Each line below from the line with "Acer Aspire V5-131-21274G50akk" to the line with "Produktbild Osprey Tempest (20 l)" must be copied exactly, including those two, and no picture may appear in the copy.

**The records**
———

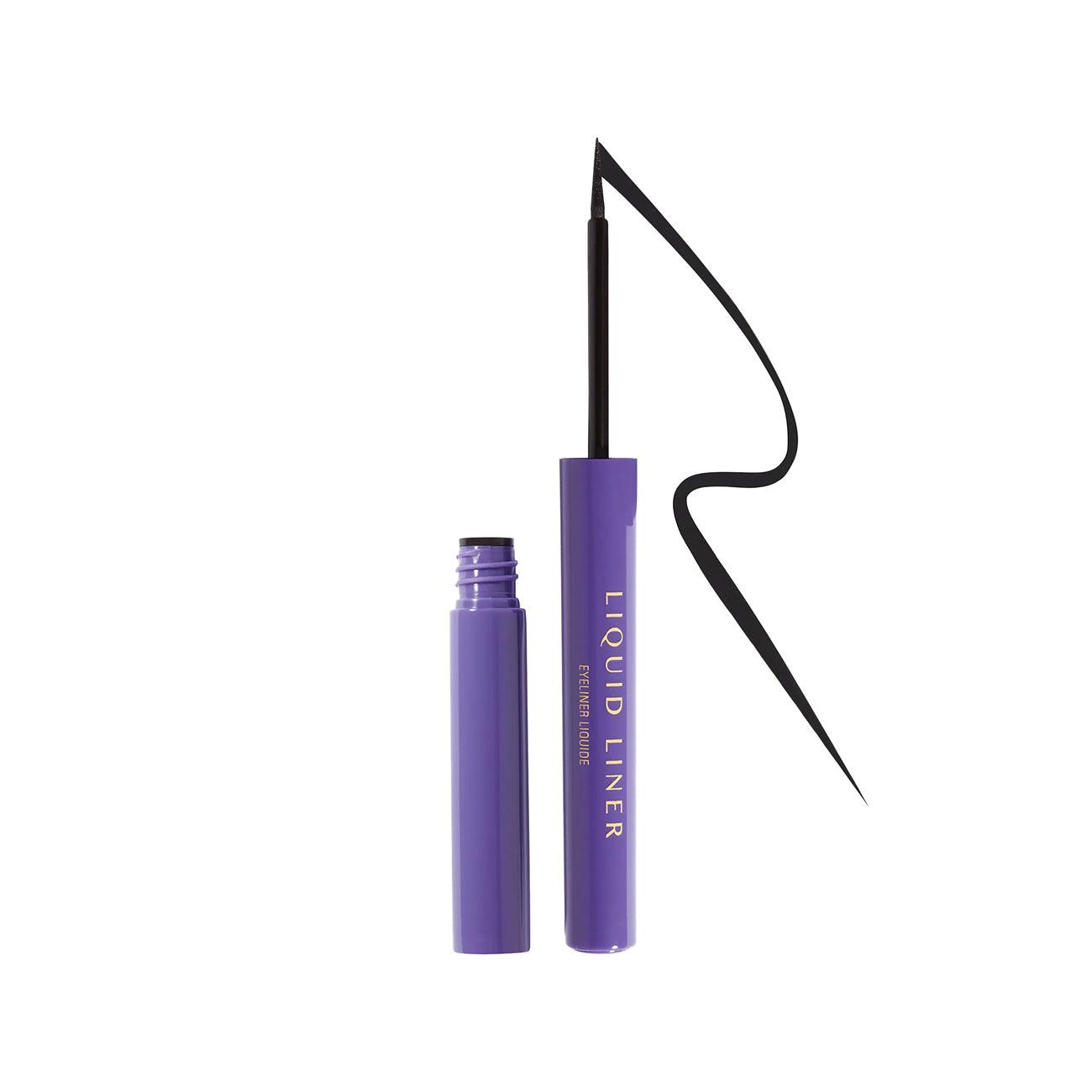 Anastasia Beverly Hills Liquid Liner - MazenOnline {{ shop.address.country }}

———

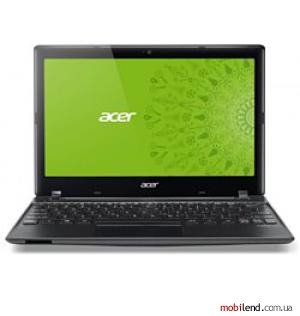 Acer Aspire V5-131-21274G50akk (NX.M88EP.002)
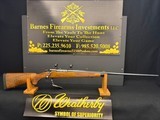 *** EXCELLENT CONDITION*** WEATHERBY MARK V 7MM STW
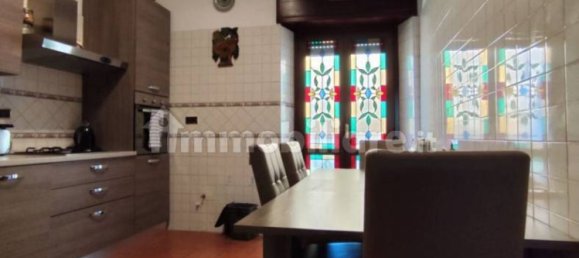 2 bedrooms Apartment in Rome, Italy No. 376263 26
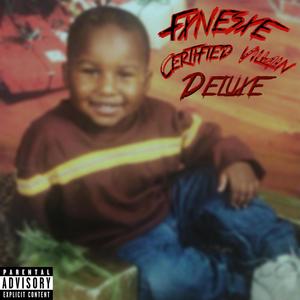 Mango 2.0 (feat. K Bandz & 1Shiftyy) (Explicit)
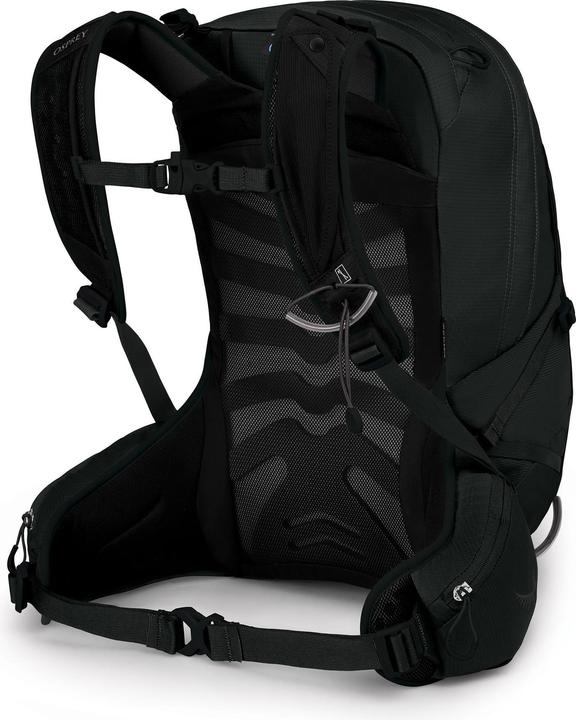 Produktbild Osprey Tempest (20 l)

———

**Problem solution**
 Acer Aspire V5-131-21274G50akk (NX.M88EP.002)
 *** EXCELLENT CONDITION*** WEATHERBY MARK V 7MM STW
 2 bedrooms Apartment in Rome, Italy No. 376263 26
 Mango 2.0 (feat. K Bandz & 1Shiftyy) (Explicit)
 Produktbild Osprey Tempest (20 l)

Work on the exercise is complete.